Why two labs can disagree (and both be right)
- Different HPLC methods → slightly different area%.
- Storage & handling → moisture changes NPC.
- Salt forms/excipients → change NPC without changing the chromatogram.
Worked example (follow the arithmetic)
Scenario: 100 mg weighed; NPC 85.0%; HPLC purity 98.0%; molecular weight 1500.0 g·mol⁻¹.
- Net peptidic mass = 100 mg × 0.85 = 85.0 mg
- Desired sequence mass ≈ 85.0 mg × 0.98 = 83.3 mg
- Moles = 0.0833 g ÷ 1500.0 g·mol⁻¹ = 5.55×10⁻⁵ mol = 55.5 µmol
Compact: moles = (Gross_mg × NPC% × Purity%) ÷ (MW × 10,000)

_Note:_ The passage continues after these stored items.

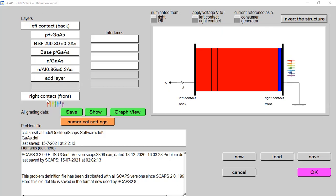Incident light hits first on the window layer, then the emitter, then the base, then the BSF, and finally the substrate. Typically all solar cells have almost the same structure. One important thing to note: the window layer should be lightly doped and its thickness should be small. If it is highly doped and thick, carrier mobility will be lower and the overall performance will be degraded.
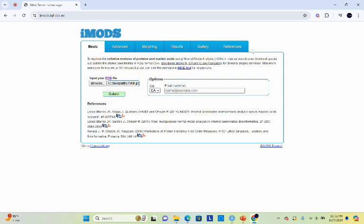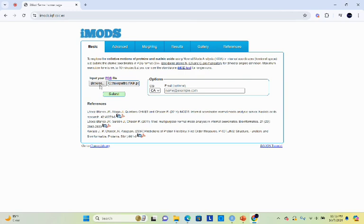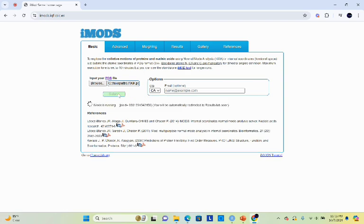So here we will use iModes. For this purpose you have to open the iMode server. The home page of iMode is very simple. Here you can see the interface. So here you have to put your protein structure. Remember the protein structure should be in PDB format. Then click on submit. It will take some time and then it will give you the result.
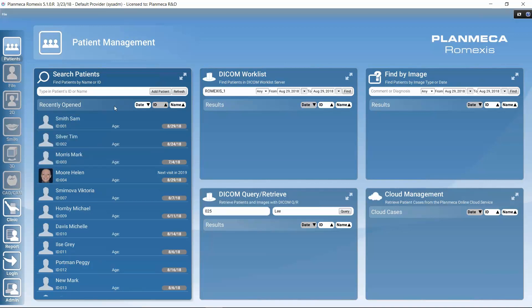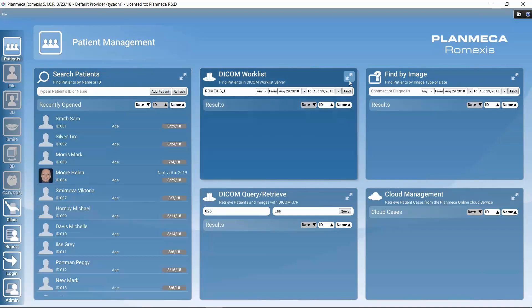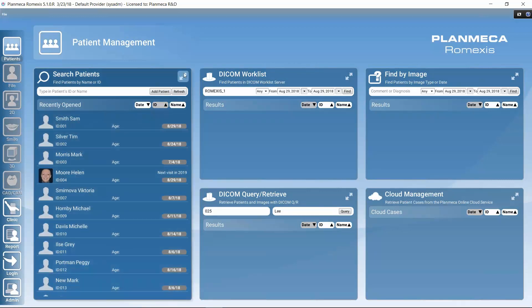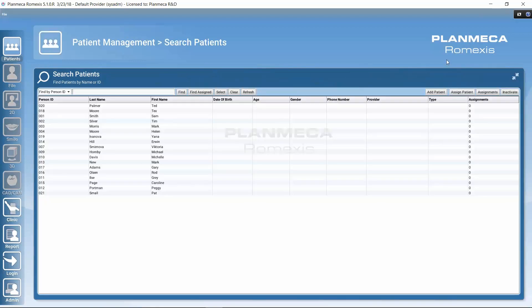All tiles in Romexis can be maximized using the double arrow button, providing more space for each function. In the maximized patient management view, we also have the option to assign patients to different Romexis users, in addition to the same functions available in the minimized view.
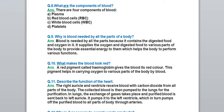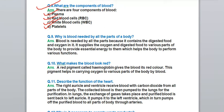Question 8: What are the components of blood? There are four components of blood. First is plasma - the liquid or fluid material of the blood. Second is red blood cells - which make the blood red in color. Third is white blood cells - they fight against infections. Fourth is platelets - they help in the clotting of blood.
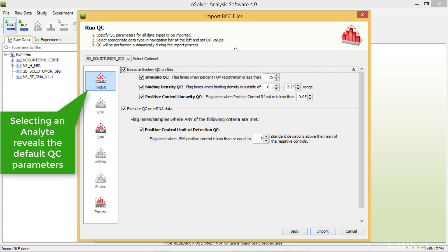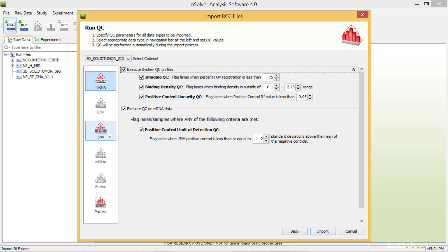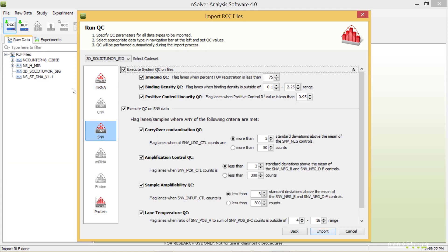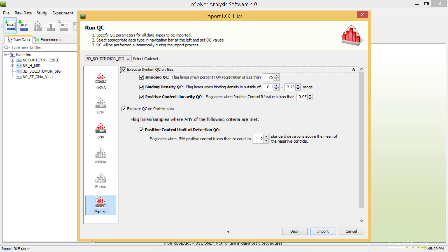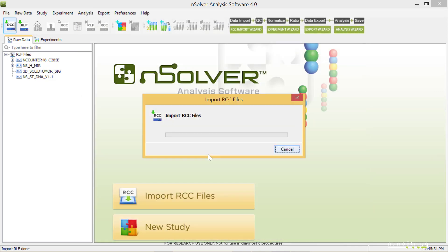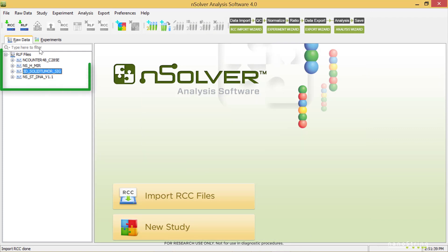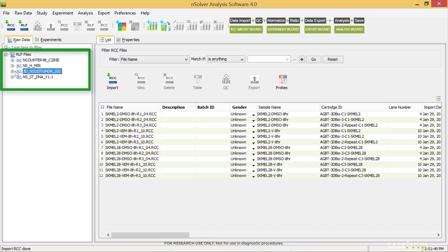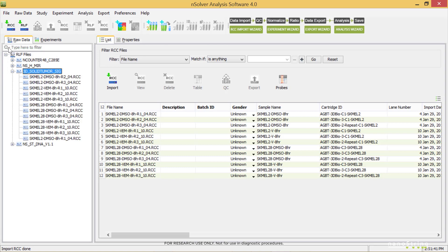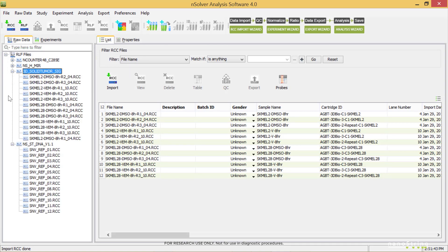Selecting an analyte reveals the default QC parameters associated with it. You may change the QC parameters, but this is not usually recommended nor necessary. Select Import. Once we've completed the import process, we can find our RCC data files under those corresponding RLF codesets on the Raw Data tab. Our samples are under 3D Solid Tumor, and SNV references are under NSSTDNA.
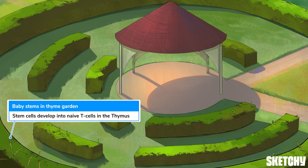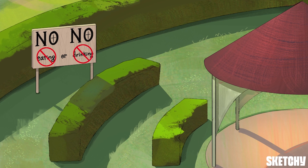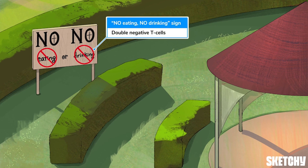Since T-cells mature in the thymus, stem cells migrate from the bone marrow to the thymus to start their development into naive T-cells. You'll see on this side of the sketch a whole bunch of brand new baby seedling stems to remind you of those stem cells. The T-cell precursor at its youngest stage is said to be double negative because these thymocytes lack both CD4 and CD8 surface molecules.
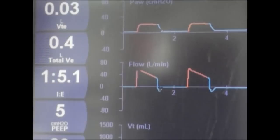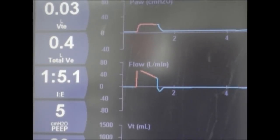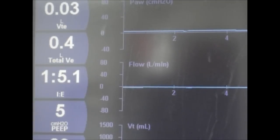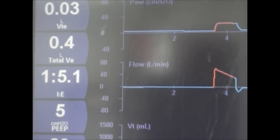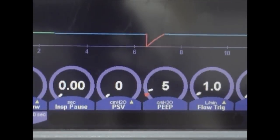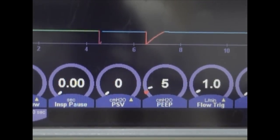When using the speech cannula, we are able to maintain our PEEP level. As you can see, our PEEP is set at 5 centimeters of water pressure, and our baseline is coming back down to 5 centimeters of water pressure. We do not recommend using the speech cannula on patients requiring a PEEP higher than 10 centimeters of water pressure.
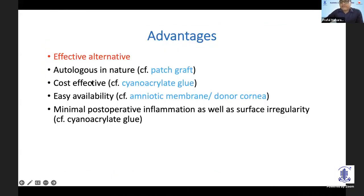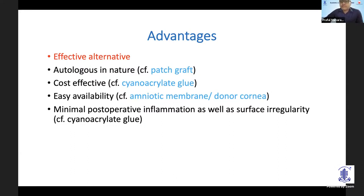Advantages: it offers an alternative especially when you don't have an eye bank setup and you don't have AMG or donor cornea. It is cost-effective — although cyanoacrylate glue costs hardly 1,000 rupees, there are still some patients who can't afford even that. And at times you are sitting in casualty at midnight, somebody comes in with a perforation and you don't have access to glue — at that time tenon's patch can help you.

How we present numbers on batch pages
- Batch ID and dates (manufactured / imported / last updated).
- Basic HPLC method notes (wavelength, column family, gradient length).
- HPLC purity (area%) with chromatogram image/PDF.
- NPC (%) if available and how measured (e.g., elemental N + moisture).
- Document downloads: supplier COA; when available, UK lab HPLC PDF.
Common pitfalls to avoid
- Treating purity as if it were identity or NPC.
- Comparing area% from different HPLC methods like-for-like.
- Ignoring moisture drift from repeated open–close cycles.
Quick reference
- HPLC purity (area%) → peptidic impurity profile under one method.
- NPC (%) → peptidic mass vs total mass (accounts for water/counter-ions).
- Identity → separate evidence (e.g., MS); part of our roadmap.